O resultado foi devido à absorção de US$ 10 bilhões (R$ 50 bilhões) em encargos decorrentes de uma desastrosa investida em veículos elétricos.
O prejuízo é um dos exemplos mais claros de como a estratégia adotada pelas grandes montadoras para alcançar BYD e Tesla no setor elétrico fracassou, após uma desaceleração nas vendas nos EUA causada pela decisão do presidente do país, Donald Trump, de eliminar os subsídios para veículos elétricos.
O presidente-executivo Toshihiro Mibe, arquiteto de uma visão ambiciosa estabelecida em 2021 para investir bilhões de dólares em veículos elétricos, disse que “a questão fundamental que nosso negócio automotivo enfrenta não é simplesmente a desaceleração do mercado de veículos elétricos”, citando perda de competitividade em custos e desenvolvimento de veículos.
No mais recente recuo em relação aos veículos elétricos, a Honda disse que “suspenderia indefinidamente” um investimento de US$ 11 bilhões (R$ 55 bilhões) em uma fábrica de carros elétricos e baterias no Canadá e, em vez disso, lançaria 15 novos modelos híbridos até o final de 2030.

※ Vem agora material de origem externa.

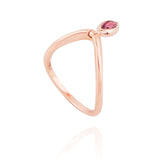 Swinging Marquise V 18K Rosaguld Ring m. Diamant & Turmalin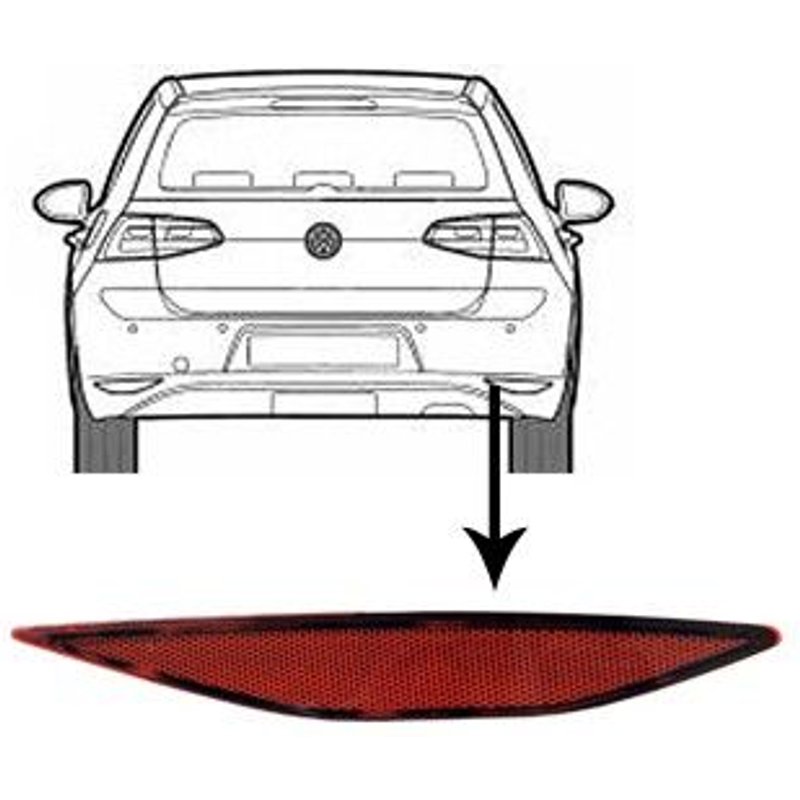 Catadioptrique Arrière Droit Pour Volkswagen Golf 7 De Nov 2012 À 2017 Version 3 Ou 5 Portes, Sauf Finition R-Line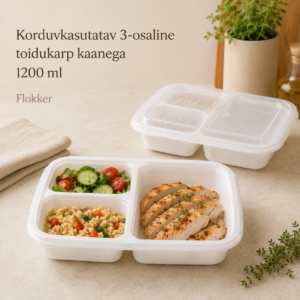 Korduvkasutatav valge 3-osaline PP-toidukarp läbipaistva kaanega, maht 1200 ml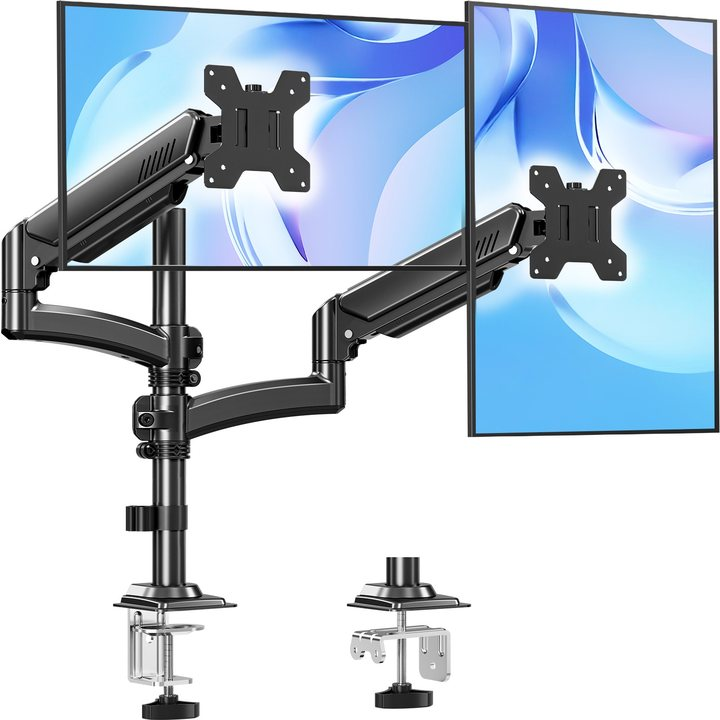 Dual Monitor Stand Holds 4.4-22 lbs Each, Dual Monitor Arm for 2 Monitors, Height Adjustable Computer Desk Mount for Max 32 inch Screens, VESA Mount with C-clamp & Grommet Base, Freelift Black-MU6016B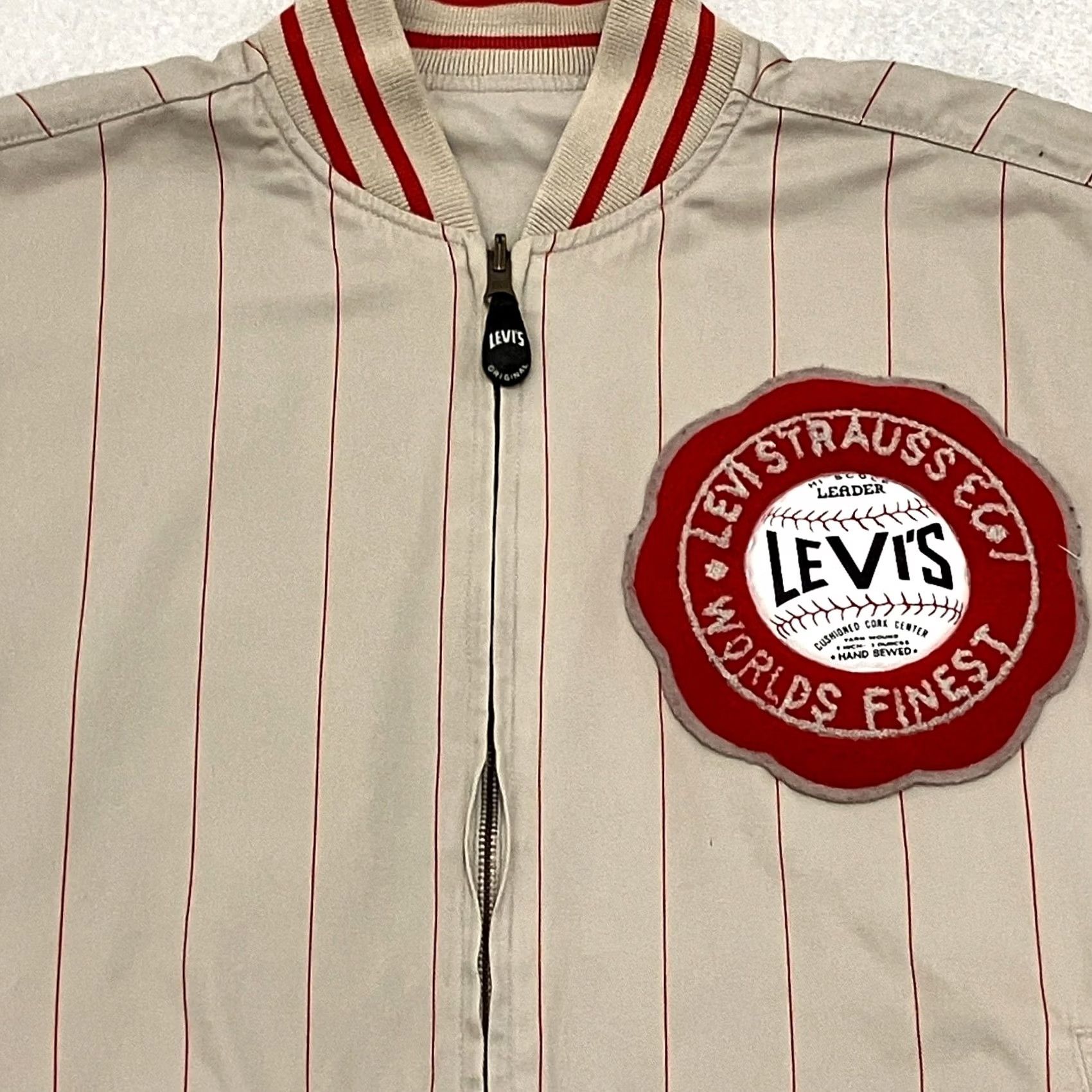 Levi's Levi’s Varsity Jacket Mens Large Cream Red Stripe Bomber Baseball Reversible Size US L / EU 52-54 / 3 - 2 Thumbnail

O grupo chocou investidores em março ao cancelar três modelos de veículos elétricos planejados para produção na América do Norte, o que a levou a alertar sobre um prejuízo líquido entre 360 bilhões de ienes e 630 bilhões de ienes (R$ 11,41 bilhões e R$ 19,97 bilhões) no ano encerrado em março.

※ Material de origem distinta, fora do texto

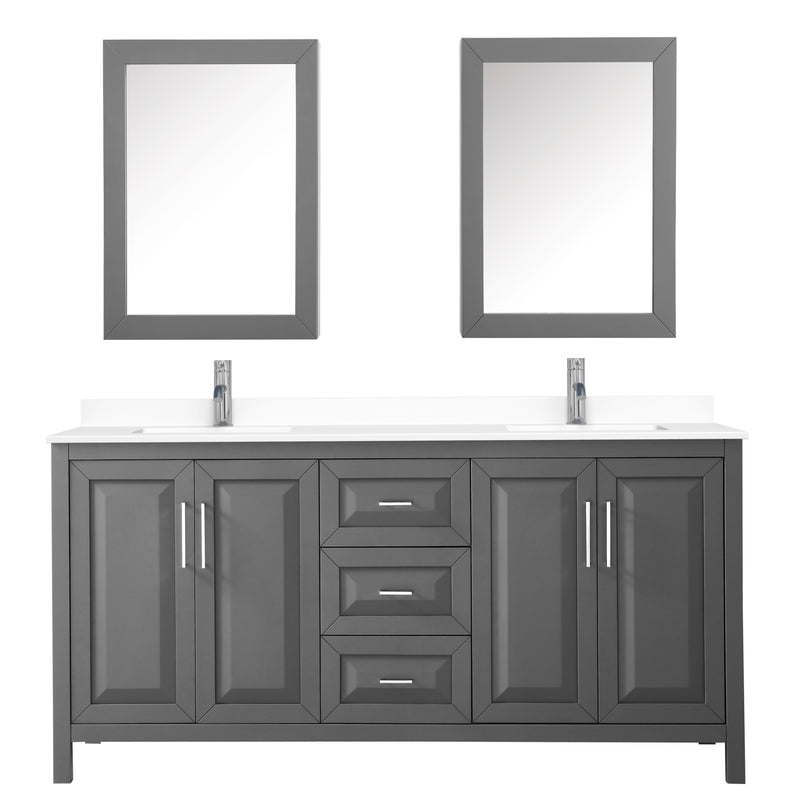 Wyndham Daria 72" Double Bathroom Vanity In Dark Gray White Cultured Marble Countertop Undermount Square Sinks and Medicine Cabinets WCV252572DKGWCUNSMED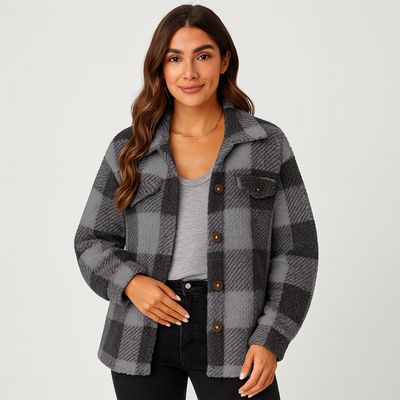 Plaid Jacket - Women's Warm Short Button-Up Fleece Jacket for Winter-Grace Aura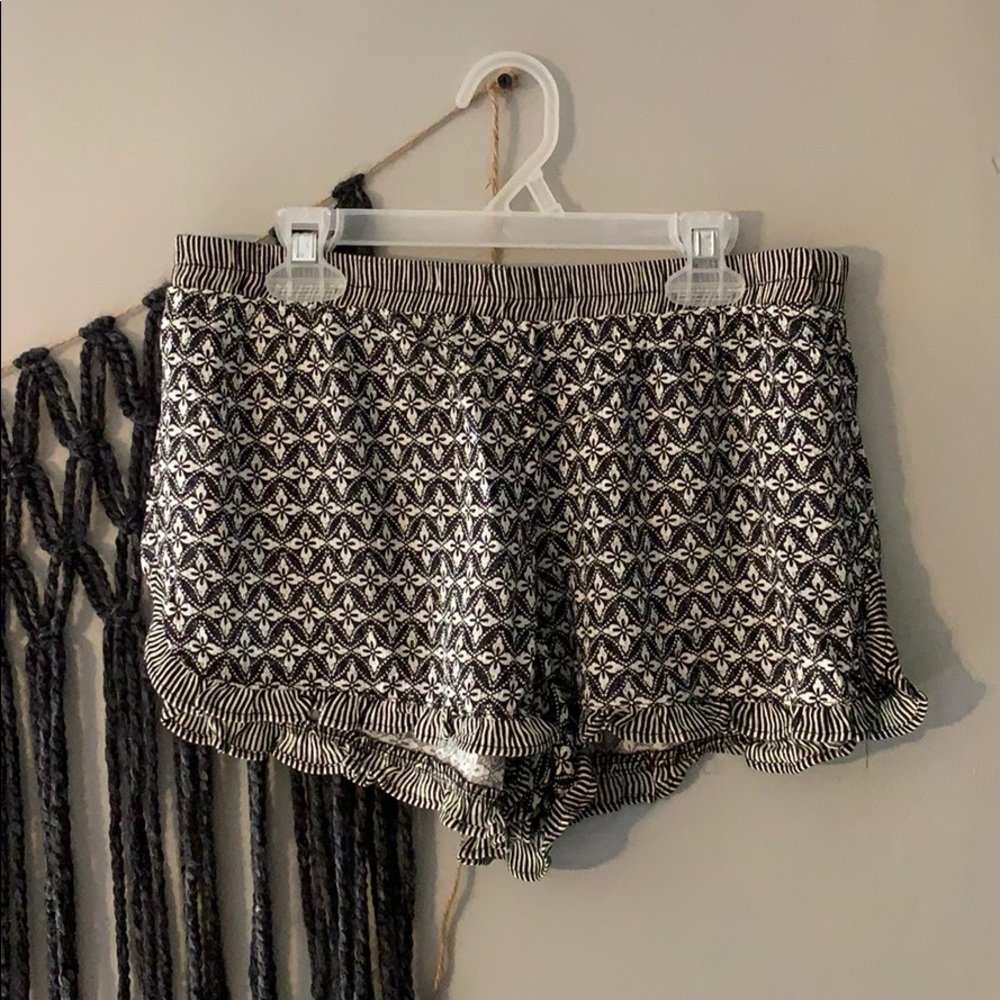 Black and white floral shorts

Na ocasião, a empresa alertou sobre perdas de até 2,5 trilhões de ienes (R$ 79 bilhões) em dois anos relacionadas ao recuo em sua estratégia de eletrificação. A Honda havia sido mais radical do que qualquer outra montadora japonesa ao prometer parar de fabricar carros a gasolina até 2040, meta que foi abandonada nesta quimta.

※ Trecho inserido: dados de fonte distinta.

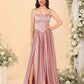 Elegant A-Line Sweetheart Sleeveless Satin Long Slit Lace-Up Bridesmaid Dressv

A empresa espera retornar ao lucro operacional neste ano fiscal, prevendo um ganho de 500 bilhões de ienes impulsionado pela expansão de seu negócio de motocicletas, inclusive na Índia, e manteve sua política de dividendos intacta.
Essa previsão veio apesar de um impacto esperado de perdas relacionadas a veículos elétricos no mesmo valor, abaixo do golpe de 1,57 trilhão de ienes (R$ 50 bilhões) que penalizou a empresa este ano.
As ações da Honda saltaram quase 8% em Tóquio após o relatório de resultados, antes de devolver parte dos ganhos.
O negócio de motocicletas da Honda havia protegido o grupo de grandes prejuízos até agora, mesmo com as vendas globais de carros caindo cerca de 30%, de um recorde de 5,34 milhões de veículos no ano fiscal de 2019 para 3,6 milhões de unidades no ano de 2025.
Mibe, que estava sob pressão para renunciar por causa dos erros com veículos elétricos, conduziu negociações de fusão com a Nissan que fracassaram no ano passado, já que a Honda insistiu em assumir o controle de sua rival para garantir que sua reestruturação seguisse conforme planejado.
Desde então, a Nissan começou a se recuperar sob o comando do presidente-executivo Ivan Espinosa, enquanto a Honda apenas afundou ainda mais em problemas.